How fancy is this shindig? Here's an idea for an impressive and delicious course:
Vichyssoise to start, followed by crab-stuffed mushrooms.
Start your course with a Vichyssoise, a cold potato and leek soup.
This old-fashioned soup hardly gets noticed anymore, but it it
delicious and elegant. Serve it in cups with a swirled dollop of fresh cream and a splinkling of freshly chopped chives. I also serve mine with a flaky, buttery, mini croissant on the side as a fancy 'cracker'. This recipe makes 4 good-sized servings. Adjust accordingly.
Vichyssoise:
3 large leeks, white parts only, washed well and sliced thinly
2 Tablespoons butter
3 medium potatoes, peeled and diced (use Idaho or Russet)
3 cups chicken broth or stock
1 teaspoon salt
1 cup milk
1/4 teaspoon white pepper
1 cup whipping cream
extra fresh cream (optional)
freshly chopped chives
Melt butter in a large saucepan over low heat, then stir in the leeks and saute at a very low temperature, stirring occasionally, until they are golden. Add the stock, potatoes, and salt--bring to a simmer, then cover and simmer for 40 minutes. Puree, then press through a sieve to get a very fine texture.
Return to the saucepan, add the milk and pepper, and bring to a simmer. Remove from heat, stir in the cream, adjust for seasoning (cold soups should be slightly overseasoned), and chill overnight.
When ready to serve, ladle into chilled cups, top with a swirl of fresh cream and chopped chives. (If soup is thicker than you'd like, add extra milk to thin)
Crab-stuffed Mushrooms:
Large, fresh mushrooms, as many as you need.
Wash & stem the mushrooms.
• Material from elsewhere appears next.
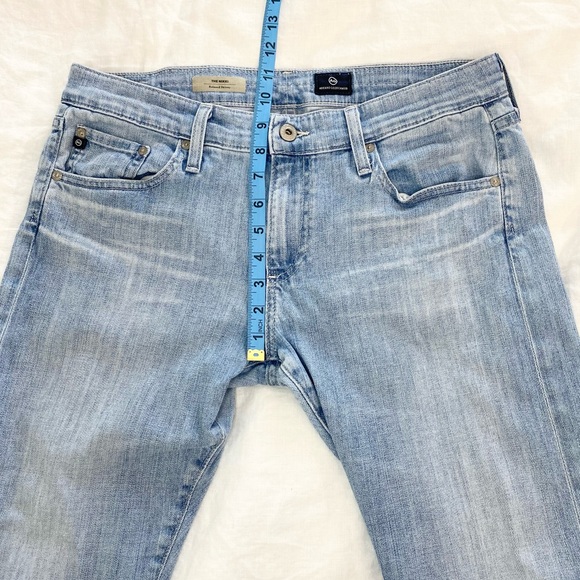 AG Adriano Goldschmied Women's Nikki Relaxed Skinny - Picture 6 of 13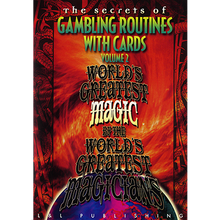  World's Greatest Gambling Routines With Cards Vol. 2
If you like, you can chop the stems and add them to the stuffing mix or discard them.
Stuffing:
6 tbs. butter
1 med. onion, finely chopped
2 stalks celery, finely chopped
1 med. red or green bell pepper,
finely chopped
1 clove garlic, crushed
1/2 cup white wine or water
3 tbs. fresh lemon juice
12 oz. crabmeat
1/2 cup seasoned bread crumbs
2 tbs. fresh parsley, chopped
1 egg (slightly beaten)
Saute onion,celery, pepper, garlic and mushroom stems if using them, in melted butter until tender. Add wine and lemon juice & heat. Remove from heat.
Add remaining ingredients and mix well. Stuff mushroom caps generously and firmly with stuffing. Place in a shallow buttered buttered baking dish & bake at 375 for 8-10 mins--broil an additional 3 mins, if you like.
Serve each guest one hot mushroom with a fesh lemon wedge.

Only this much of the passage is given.